The result is What Night Brings, "a lively, picaresque tale, told in the world-weary but ever hopeful voice of twelve-year-old Marci Cruz," as a contributor to Publishers Weekly observed. Marci is the daughter of a passive-aggressive father, who alternately beats and embraces his children, and manages to fool his wife, Delia, about his drinking and womanizing. Marci learns how to outwit her father, even attempting to take photos of him with his girlfriends.

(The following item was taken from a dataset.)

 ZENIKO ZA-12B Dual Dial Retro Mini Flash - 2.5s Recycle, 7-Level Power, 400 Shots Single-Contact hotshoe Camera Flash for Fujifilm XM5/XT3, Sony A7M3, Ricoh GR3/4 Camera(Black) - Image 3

She also is coming into her own sexually, finding herself attracted to other girls.

A reviewer for Publishers Weekly felt that in Trujillo's debut novel "the lesbian undercurrents are subtle and touching, by no means doctrinaire." In Kirkus Reviews a critic found What Night Brings more polemical, concluding that it is "decently told and fairly engaging, but suffused with a hatred of men so palpable that it might have been written by Andrea Dworkin." Wheatwind, reviewing the novel in the Women's Review of Books, called it "the most forthright coming-of-age story that I've read from the Chicana/Latina lesbian literary community." Fernando Ortiz, Jr., writing in Hispanic, felt that "endurance, bravery, compassion, and intelligence are the best traits of any protagonist, and Trujillo's Marci Cruz is a perfect combination of those and many more." Ortiz concluded, "This novel is an admirable introduction to Carla Trujillo, a writer to watch."

BIOGRAPHICAL AND CRITICAL SOURCES:

PERIODICALS

Hispanic, May, 2003, Fernando Ortiz, Jr., review of What Night Brings, p. 66.

Kirkus Reviews, February 15, 2003, review of What Night Brings, p. 267.

Lambda Book Report, December, 1998, Terri de la Peña, review of Living Chicana Theory, p. 22; June, 1999, Carla Trujillo, "The Writing Life: No Excuses," p. 18; April-July, 2003, Terri de la Peña, review of What Night Brings, p. 22; December, 2003-January, 2004, Lisa C. Moore, "Carla Trujillo Is Funny, Feisty, and Smart" (interview), p. 13.

Library Journal, March 15, 2003, Mary Margaret Benson, review of What Night Brings, p. 117.

Publishers Weekly, April 14, 2003, review of What Night Brings, p. 51.

Signs, summer, 1993, Alicia Gaspar de Alba, "Tortillerismo: Work by Chicana Lesbians," pp. 956-963.

Women's Review of Books, September, 1998, Marie-Elise Wheatwind, review of Living Chicana Theory, p. 18; May, 2003, Wheatwind, review of What Night Brings, p. 18.